You "home owners" need to watch your back in any trade/business,
just look at Wall Street.

It isnt the #1 in lawsuits amongst the trades for nothing.

Not sure how you came to this comment, I searched the BBB, State Attorneys Office, Gov.org sites etc., and can't find any statistic listings.
Can you share your fact findings?


----------



## rodeo (Dec 1, 2007)

Roof related lawsuits are #1. Have heard this stat a few times. From googling around:

"Last year, Better Business Bureaus nationwide processed over 10,000 complaints against general contractors, and noted that roofing contractors consistently rank among the top five businesses receiving complaints and garnering report requests. "

http://newsblaze.com/story/2006070507304100003.mwir/topstory.html

"Over 50 percent of all construction litigation in the United States involves roofing. This is nearly four times more than the next highly litigated component, wall systems. Furthermore, 75 percent of all new roofs have reported leaks within the first five years"

http://www.arwmag.com/Articles/Column/fe9354a064059010VgnVCM100000f932a8c0

I was a little suprised to find this out because as slyfox alluded to, people are people, no matter what line of work - (especially wall street.)

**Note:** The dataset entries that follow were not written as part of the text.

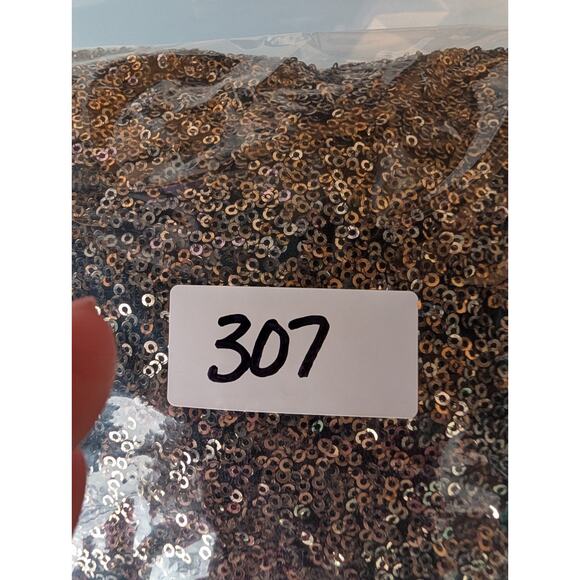 Minkpink Gold Sequin Sparkly Bodycon Glam Club Puff Shoulder Mini Dress Small - Picture 10 of 10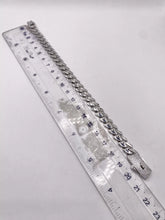 PULSO MÓNACO CH - BARBADO CUBANO - 21 cm x 8 mm - PLATA .925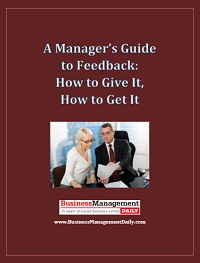 Feedback: How to Give It, How to Get It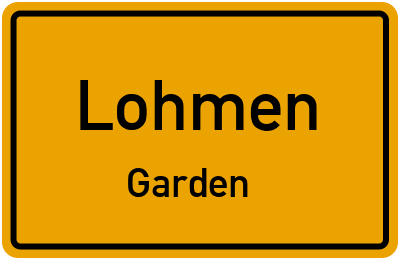 Straßenverzeichnis Lohmen Garden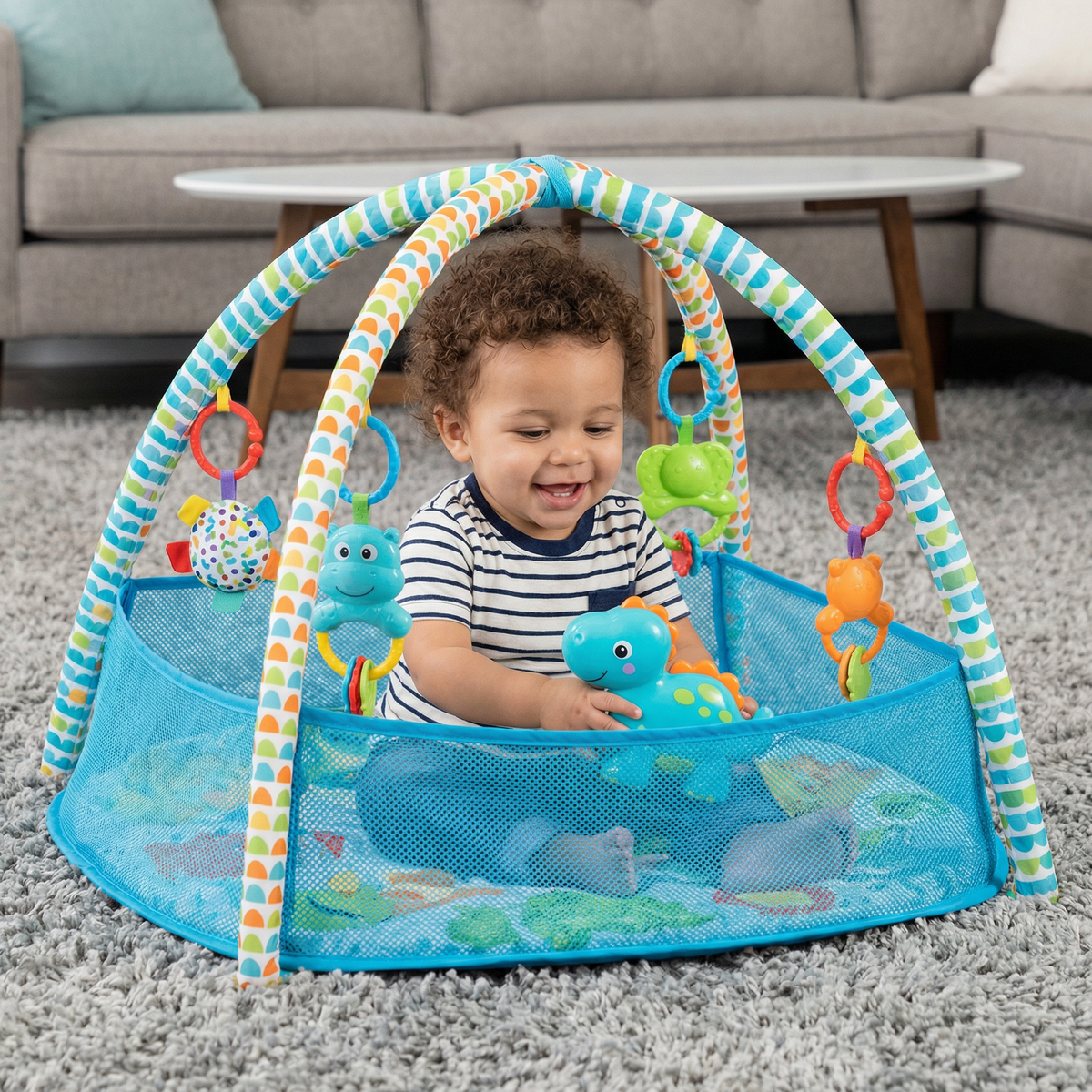 Baby Round Activity Mat with Fence – Baby Mondo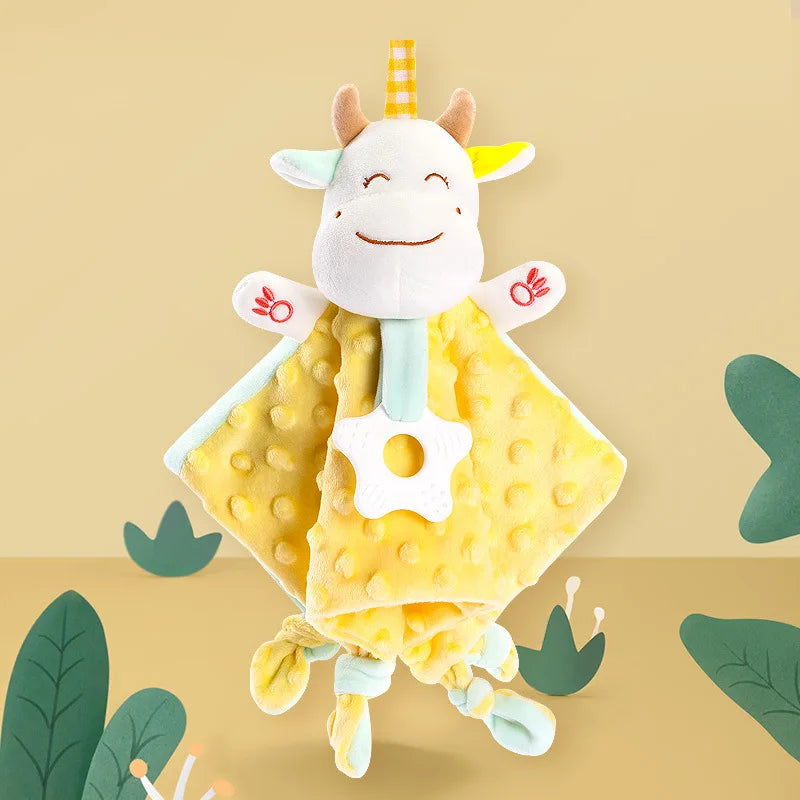 Doudou réconfort lapin-éléphant Mybooni — Couverture sécurité compagnon sommeil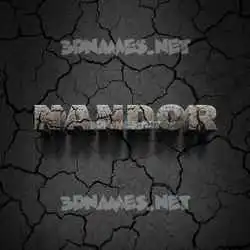 nandor in Cracked Stone style - 3D name wallpaper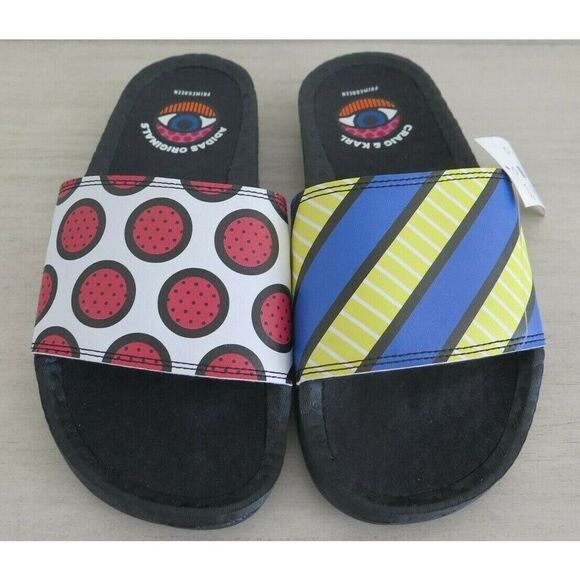 adidas GY5351 Men's Sz 7 Black Adilette Boost Craig & Karl Swim Slides/Sandals - Picture 2 of 7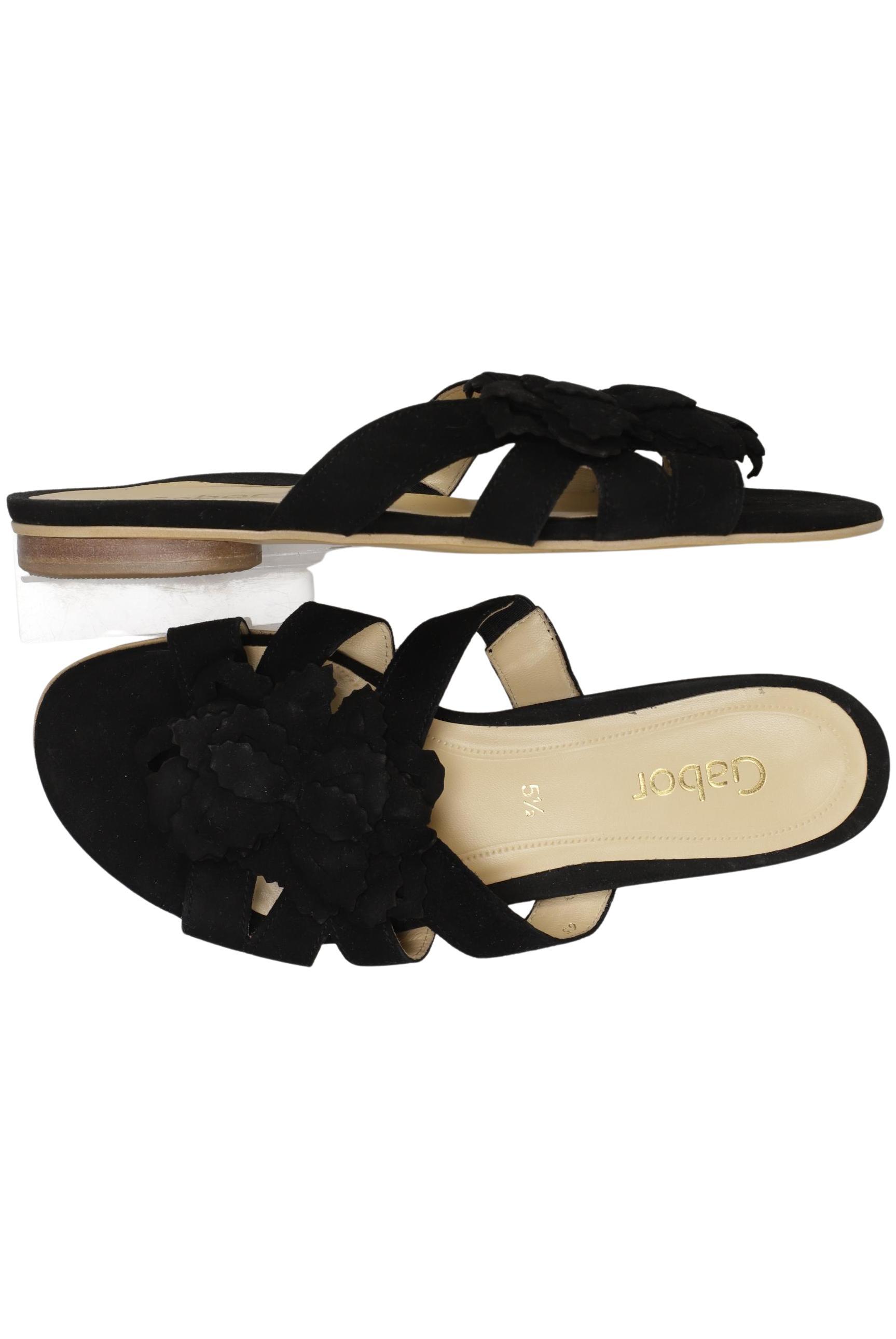 

Gabor Damen Sandale, schwarz, Gr. 5.5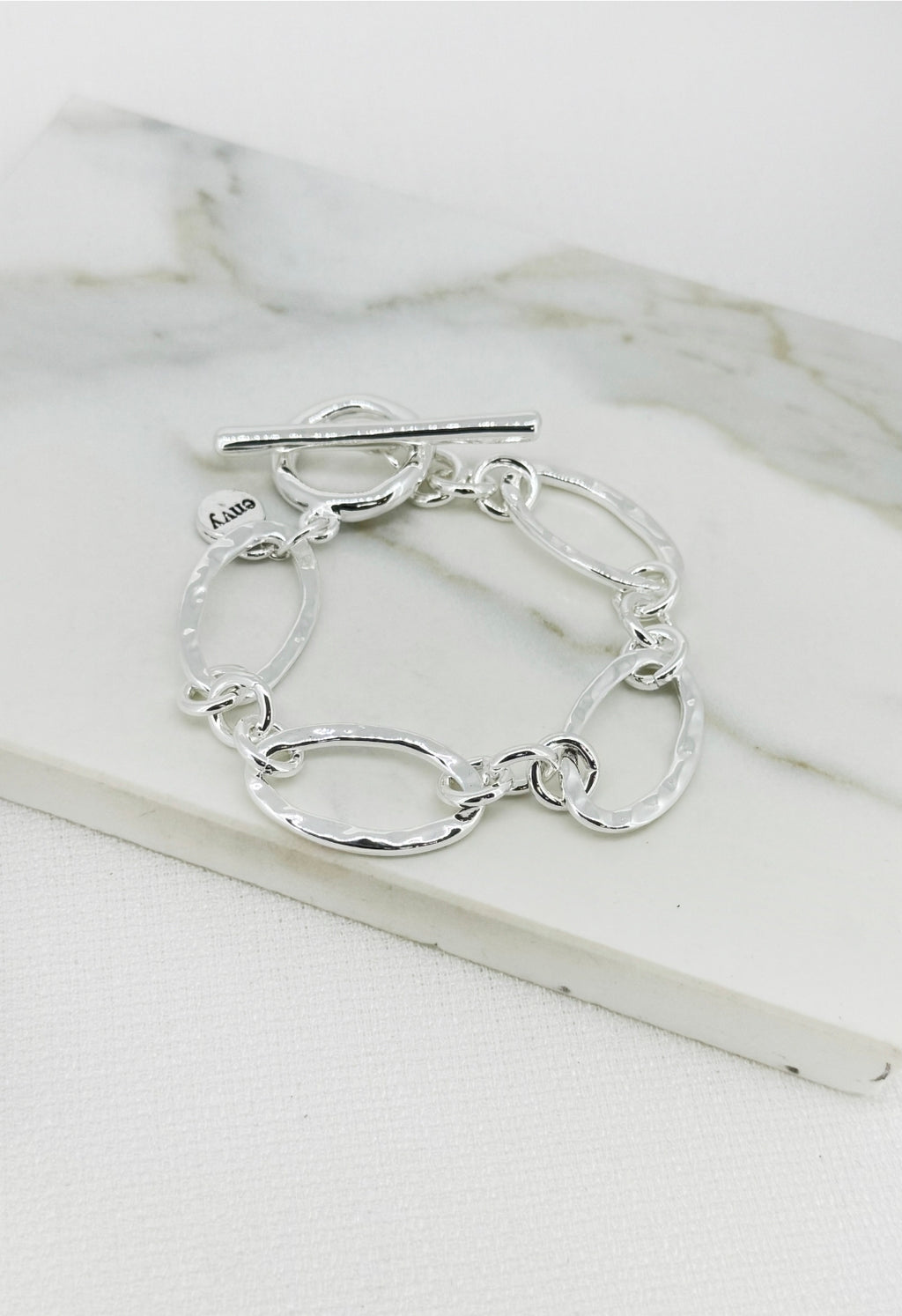 Envy Link T-Bar Bracelet 4758-Envy-White finn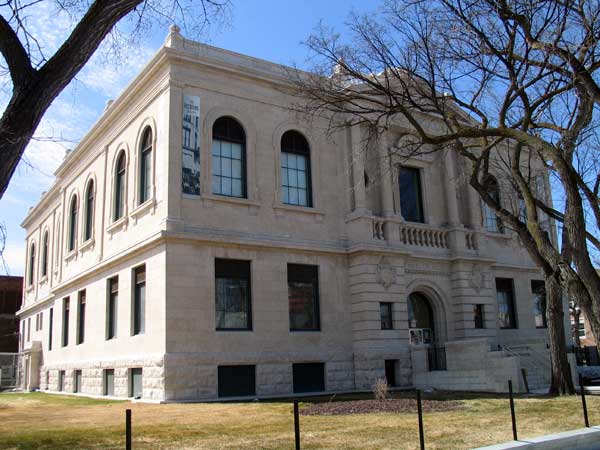 The former Carnegie Library and City of Winnipeg Archives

Yet there is something disturbing about roofing profession. I cant put my finger on it really. Slyfox seems like a great roofer but for every one like him, there are ten that will do a bad job - often with the homeowner thanking them for it, as most are understandably clueless about what constitutes a good roof job.


----------



## waterman1971 (Apr 19, 2009)

Weight can also be a consideration. A traditional hot mop does not rely on mechanical fasteners as does a brai roof.


----------



## Slyfox (Jun 13, 2008)

rodeo said:


> Roof related lawsuits are #1. Have heard this stat a few times. From googling around:
> 
> "Last year, Better Business Bureaus nationwide processed over 10,000 complaints against general contractors, and noted that roofing contractors consistently rank among the top five businesses receiving complaints and garnering report requests. "
> 
> ...


Thanks for the reply.

Not the concrete stats I was looking for but a good starting point.

Thank you.


----------



## arick (Feb 1, 2011)

*Another Option-Rubber!*

I have a 10 X 20 section of rubber that has been fine for 15 years and seems likely to go 5 more easy.Just another option:wink:


----------